New York City
Stefano Massini spins the fable of Lehman Brothers at Park Avenue Armory.
A silhouette of the Statue of Liberty appears in the cyclorama behind the set of The Lehman Trilogy. We recognize the crown and torch, but the figure is different —wraithlike and forbidding, holding out both the promise and peril of America. Stefano Massini explores both qualities in his banking epic, The Lehman Trilogy, about the defunct investment bank Lehman Brothers. Ben Power has adapted it from the original Italian, and Sam Mendes directs. Following its world premiere with London's National Theatre, it now arrives in the city where Henry Lehman always intended to settle: New York.
Finally home, The Lehman Trilogy is playing the biggest venue in town, the Park Avenue Armory, which occasionally feels too big for this intimate drama for just three actors. At times, however, it seems that even the Armory's massive drill hall cannot contain the magnitude of the firm's 150-year existence, which is as dramatic and bloody as any Shakespeare history. In three parts, Massini and Power show how one extraordinary family arrived in America just in time for it to transition from upstart backwater to global superpower.
It starts with the original Lehman trinity. Jewish Bavarian brothers Henry (Simon Russell Beale), Emanuel (Ben Miles), and Mayer (Adam Godley) arrive in America in the 1840s and head straight for that city of dreams: Montgomery, Alabama.
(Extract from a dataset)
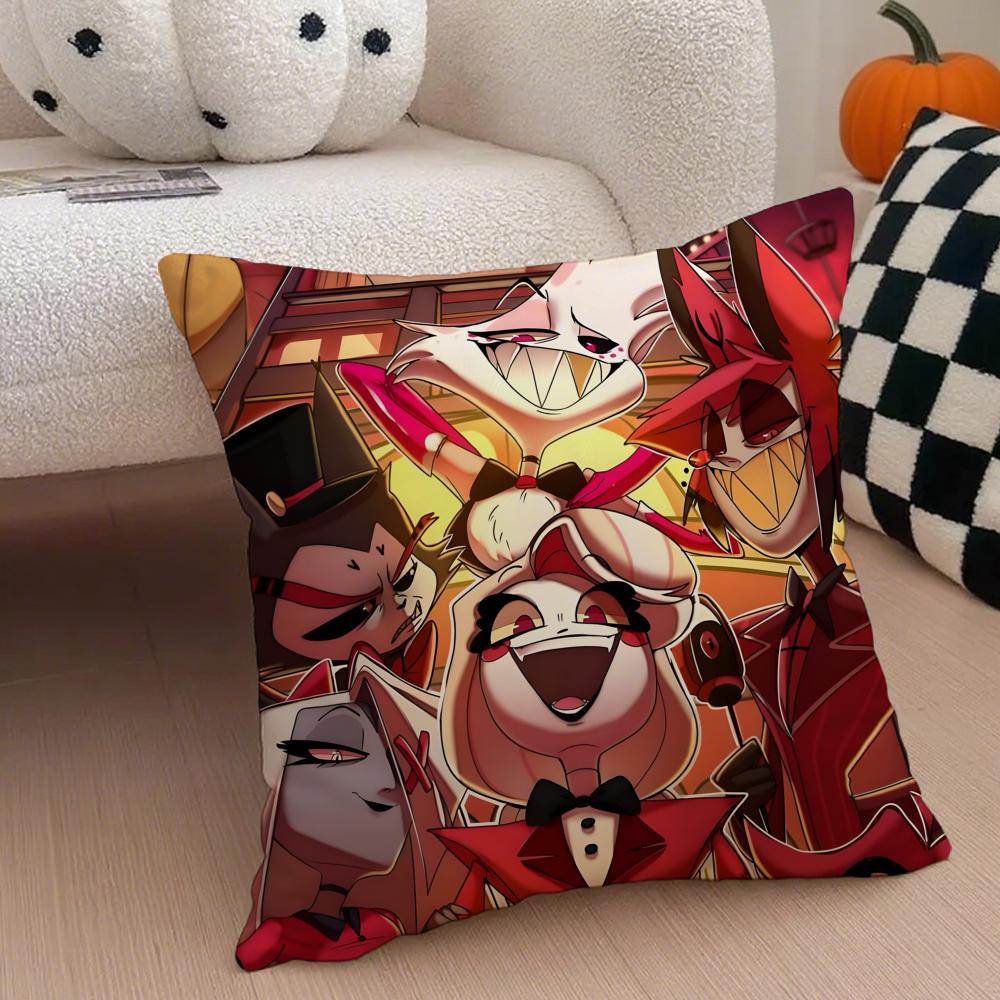 Edgy Musical Quirky Animate HHazbin Hotel Cushion Cover Throw Pillow Cover Hidden Button Durable Polyester Chair Cushion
Their dry goods store soon becomes a successful cotton brokerage, and Emanuel opens an office in New York in the pursuit of ever-bigger markets and investments. The firm survives the Civil War and a second generation takes over with Emanuel's coldly capitalist son, Philip (Beale), and Mayer's liberal Democrat son, Herbert (Miles). The Crash of '29 ushers in a third generation with Philip's son Bobbie (Godley), who founds the trading department with Lew Glucksman (Miles), moving the firm's profit center away from tangible American industry and into paper-pushing. The resulting bankerdämmerung of 2008 is still fresh in our memories.
Massini and Power rush through that last chapter, perhaps concluding that it is well-trodden territory. Instead, The Lehman Trilogy is one family's tango with the American dream. It's an inspiring immigrants' tale about arriving in America with nothing and becoming fabulously wealthy by trading a product made through slave labor, then profiting on war, and then developing the modern concept of consumer capitalism. Lehman undeniably helped to make America richer, but did it make us better? Massini and Power leave us to debate that after the show.
This play's origin as a radio drama is evident by the way the performers narrate much of the story directly to the audience, an often distressing negation of the dramatic form that actually works well in a play like this, when there is so much ground to cover.
It helps that there are three incredibly skilled actors driving the story. Beale, Miles, and Godley easily slip into new characters through instant changes of dialect and posture. We always know whom they're playing, but they just as quickly snap back to the three brothers, who recount Lehman's tale like souls fated to relive their mortal legacy in purgatory.
Adding to the play's mythic qualities, Massini indulges in flights of magical realism, like the insistence that it never stopped raining for the duration of the Great Depression (try telling that to the Joads), or the notion that Bobbie Lehman lived to be 140 years old and died doing the Twist. It's like something by Gabriel García Márquez, if the friend of Castro had actually understood anything about capitalism.
This grand mythology of banking might seem ridiculous if not for the steady and deceptively simple direction of Sam Mendes, who creates a three-hour-20-minute spectacle with just three performers wearing variations on the same costume (handsomely flared black frocks by Katrina Lindsay). This is not counting an extravagant final tableau featuring 15 supernumeraries, which is the kind of thing one only ever sees at a place like the Armory.
Es Devlin's set is a rotating glass box representing a floor of Lehman's Manhattan office. A man packs files into bankers' boxes in the opening scene, taking place in September 2008. He turns out the lights and the ghostly Henry emerges from the darkness, the first brother to reach the new world (designer Jon Clark creates magic and wonder with fluorescent recessed lighting). The actors stack Devlin's bankers' boxes like blocks to create a variety of set pieces not covered by the sleek office furniture. Nick Powell's subtle sound design and original piano compositions (performed live by Candida Caldicot) fill in the rest.
Luke Halls's elegant projections on the cyclorama behind the set show the cotton fields of Alabama, as well as the ever-growing Manhattan skyline. Halls collaborates with Devlin to make the spinning of the set all the more arresting, and sometimes nauseating. Here, money really does make the world go around, sometimes at a dizzying speed.
The ending of The Lehman Trilogy feels rapid and disorienting, but so did the actual end of Lehman Brothers. It took 158 years to become one of the biggest financial firms on Earth, and less than a week to implode spectacularly. The Lehman Trilogy captures the splendor of the American dream; and like all good dreams, it ends with a rude awakening.